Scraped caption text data
_ _ _
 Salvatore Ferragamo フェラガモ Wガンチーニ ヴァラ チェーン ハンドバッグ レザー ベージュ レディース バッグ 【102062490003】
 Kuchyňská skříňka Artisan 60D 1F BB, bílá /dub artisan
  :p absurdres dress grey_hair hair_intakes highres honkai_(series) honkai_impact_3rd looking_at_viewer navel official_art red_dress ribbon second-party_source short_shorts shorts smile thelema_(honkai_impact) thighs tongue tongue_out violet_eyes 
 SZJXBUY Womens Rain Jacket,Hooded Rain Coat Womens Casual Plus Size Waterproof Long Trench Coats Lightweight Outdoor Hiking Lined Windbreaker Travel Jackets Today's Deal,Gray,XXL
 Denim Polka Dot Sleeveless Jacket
_ _ _
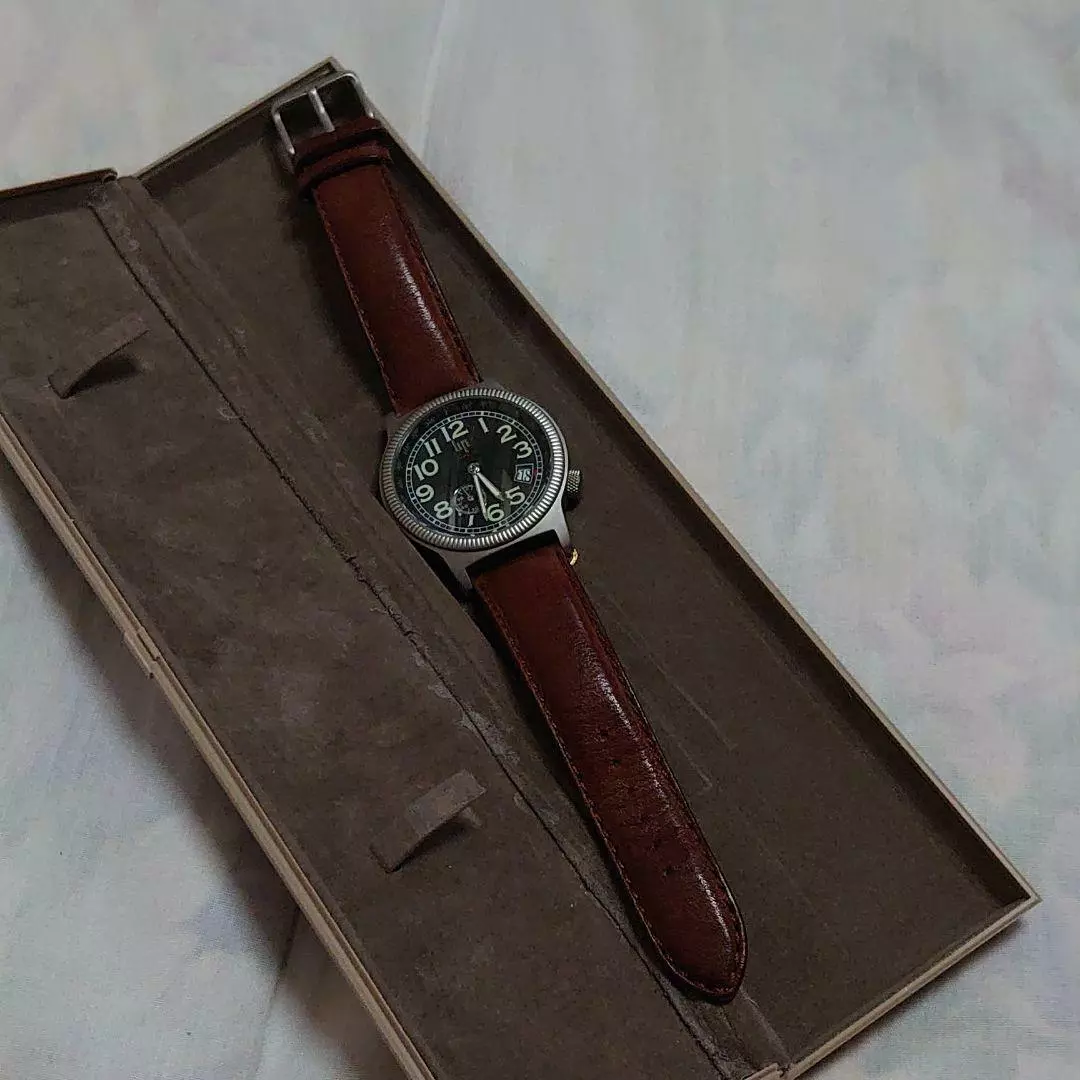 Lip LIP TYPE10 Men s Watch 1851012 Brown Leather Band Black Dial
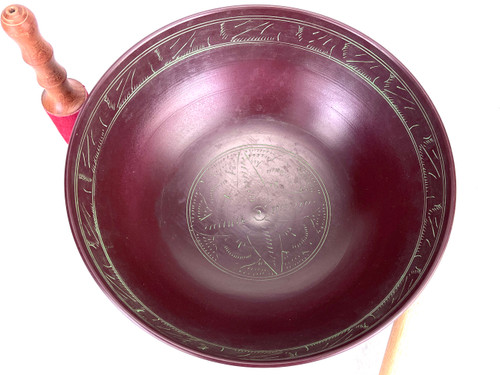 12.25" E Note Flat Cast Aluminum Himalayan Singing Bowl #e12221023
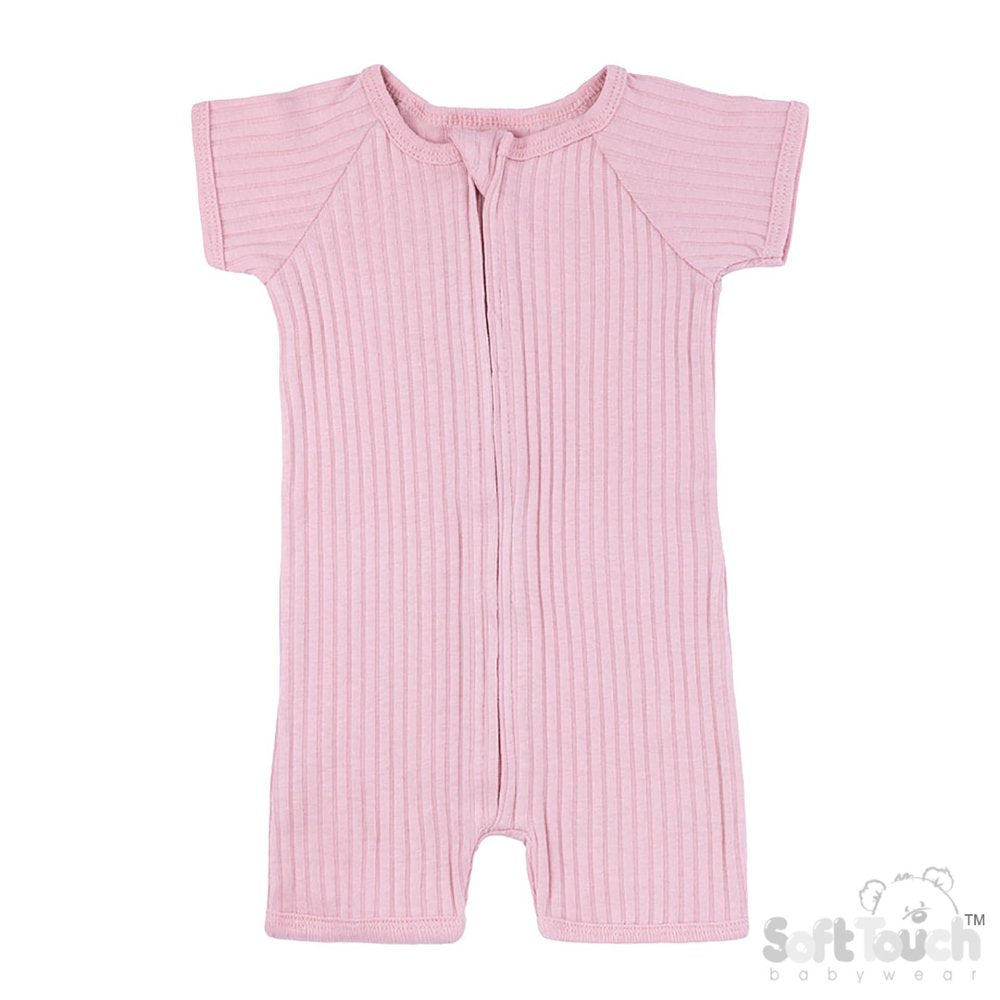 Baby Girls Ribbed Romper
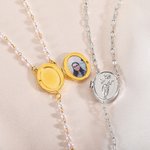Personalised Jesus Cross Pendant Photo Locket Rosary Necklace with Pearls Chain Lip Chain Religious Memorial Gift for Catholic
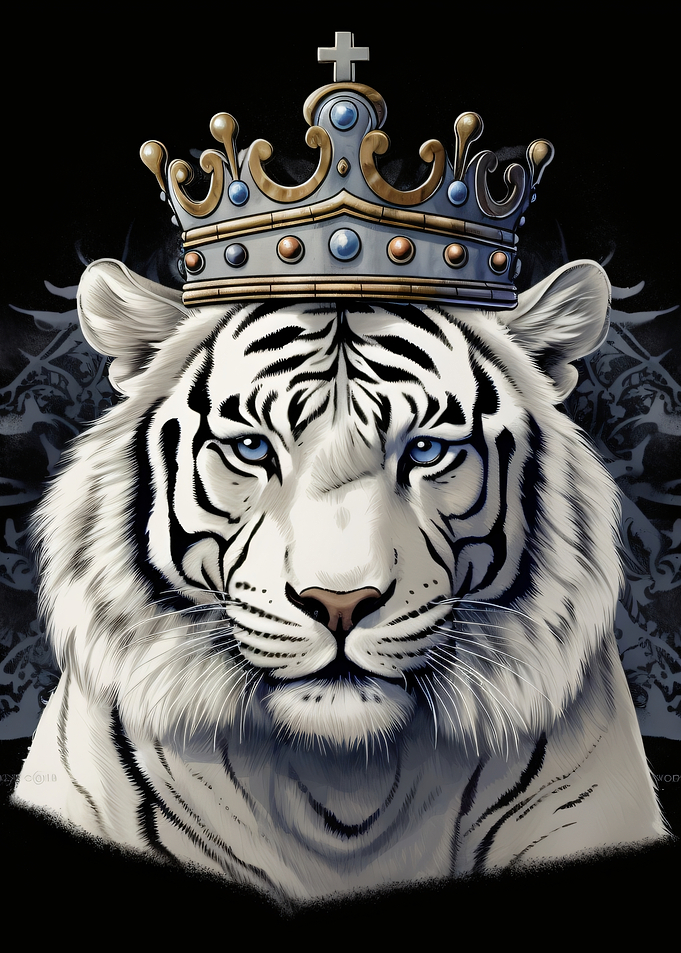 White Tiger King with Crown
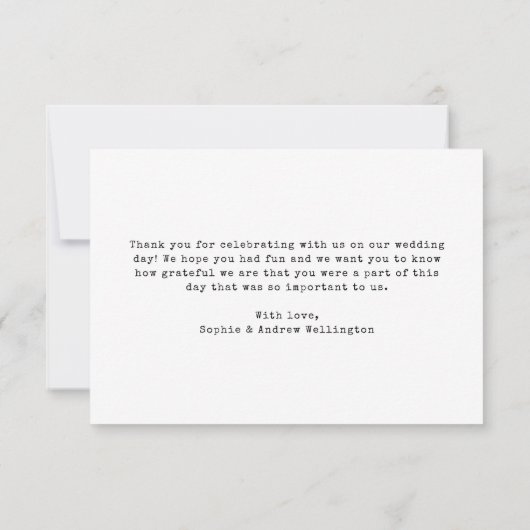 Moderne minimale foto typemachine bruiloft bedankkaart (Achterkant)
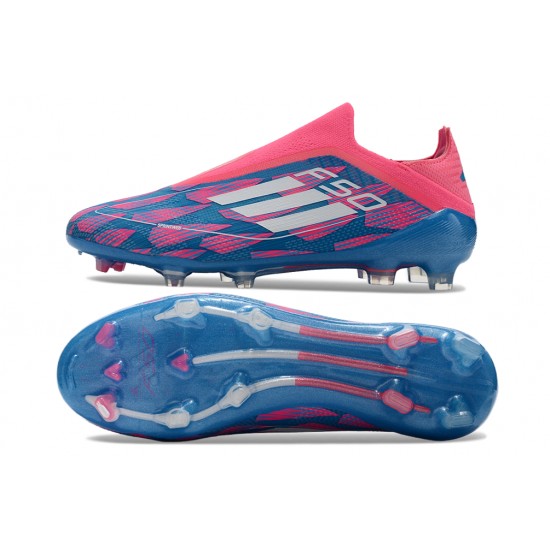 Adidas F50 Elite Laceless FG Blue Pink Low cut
_ _ _
* **What the exercise asks**
Leaving out each picture, repeat exactly the lines above from the one that contains "White Tiger King with Crown" through the one that contains "Adidas F50 Elite".

* **Problem solution**
 White Tiger King with Crown
 Moderne minimale foto typemachine bruiloft bedankkaart (Achterkant)
 Adidas F50 Elite Laceless FG Blue Pink Low cut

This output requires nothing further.